It seems that the tragic incident in Niger is evolving into storylines relating to why few or no members of Congress were aware of our deployment in Niger, and whether there were intelligence and operational deficiencies that, in turn, left our men exposed before the ambush and insufficiently supported after it occurred. Although I may be the last American alive to absorb this, the Niger incident has brought home to me the ramifications of the apparent decision of the Bush, Obama, and Trump Administrations that we have (and are probably going to indefinitely have) our troops at risk in countries across the globe to conduct a worldwide struggle against terrorism.

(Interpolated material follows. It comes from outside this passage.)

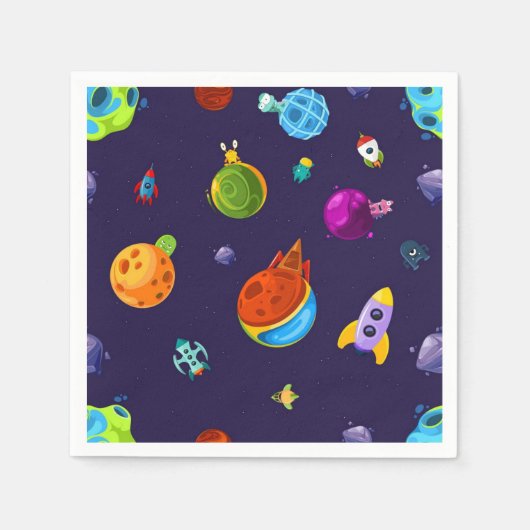 Serviette En Papier Motif spatial (Devant)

President Bush declared in September, 2001:
“Our war on terror begins with al Qaeda, but it does not end there. It will not end until every terrorist group of global reach has been found, stopped and defeated.”

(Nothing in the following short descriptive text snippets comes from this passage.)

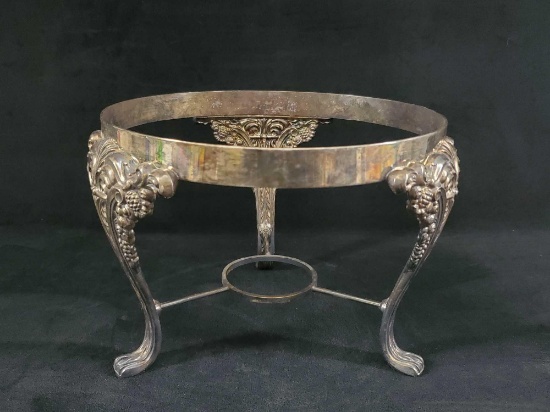 Vintage Silverplated Ornate Warming Stand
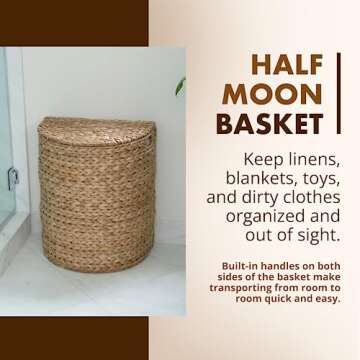 KOUBOO Seagrass Half Moon Basket, Handwoven Laundry Hamper Basket with Lid, Handles, & Removable Lin...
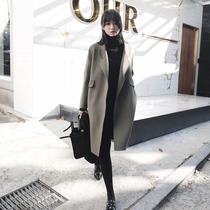 Sanskrit black cashmere big coat woman with 2021 new autumn and winter high-end body wool Wool Jacket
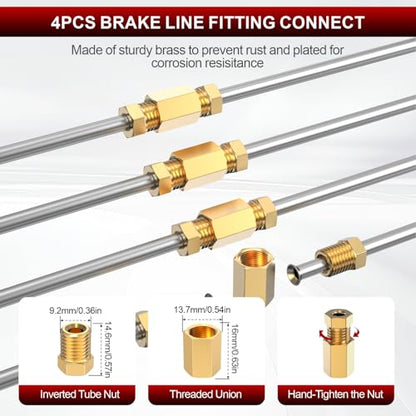 26PCS 3/16" Brake Line Kit, 25FT Zinc-Plated Brake Lines for Auto Repair | 25FT Lines+16 Brass Fittings+2 Unions+4 Nuts+Brake Line Bender+Single Flaring Tool+Cutter for Car Truck SUV Brake Systems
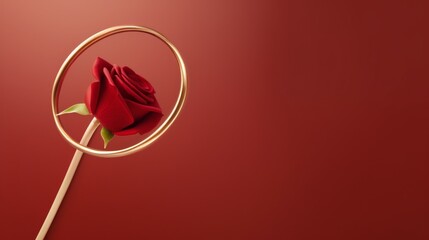 Passionate deep red rose adorning a gold ring, showcased on a luxurious velvet red background for a dramatic and romantic look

My focus after 9/11 was on al Qaeda; perhaps only I didn’t grasp the full implications of his declaration: that he was committing us to a struggle that would indeed cover the globe, last for decades and – whether or not the President realized it at the time — could never be entirely won. Over the years, the scope of the mission has perhaps been blurred at times by finite territorial references – “the war in Afghanistan,” “the war in Iraq,” “the war in Syria,” “retaking ISIS’ declared Caliphate,” etc., etc. What makes me think that I’m probably the one that is slow on the uptake is the lack of reaction to Sen. Graham’s straightforward comment this weekend relating to the Niger incident:
“This is an endless war without boundaries – no limitations on time and geography.”

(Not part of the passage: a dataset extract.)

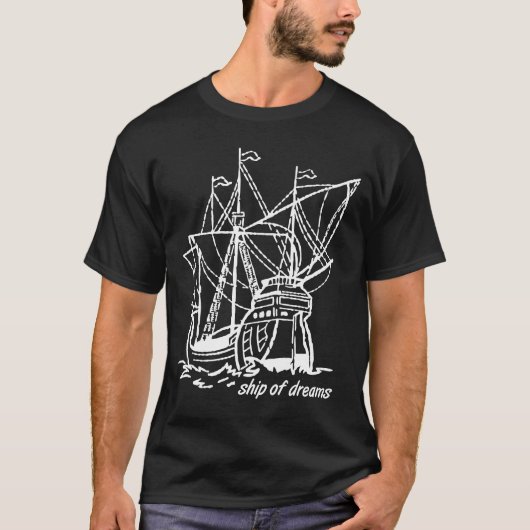 夢の船 壮麗なガレオン 白の線画 Tシャツ (正面)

If the effort is indeed to be “endless” and worldwide — and having small deployments of our people in places like Niger seems to indicate that it is – on the off chance that I am not the only one of our people that failed to grasp the full import of President Bush’s words and intentions, I would suggest that President Trump address the nation, and clearly articulate that this is a mission of indefinite containment – essentially a police action — against shifting adversaries, and spell out what our people can reasonably expect regarding the lives, resources, and years that will be spent on the effort (to follow the lives, resources, and years that we have already devoted to it). This is not to say whether this is, or is not, an appropriate mission; however, we should be sure that our citizens understand the breadth and duration of the commitment, and the need for it; recognize that this struggle will draw resources that we might prefer to invest elsewhere while lacking the likelihood of finality; and accept it.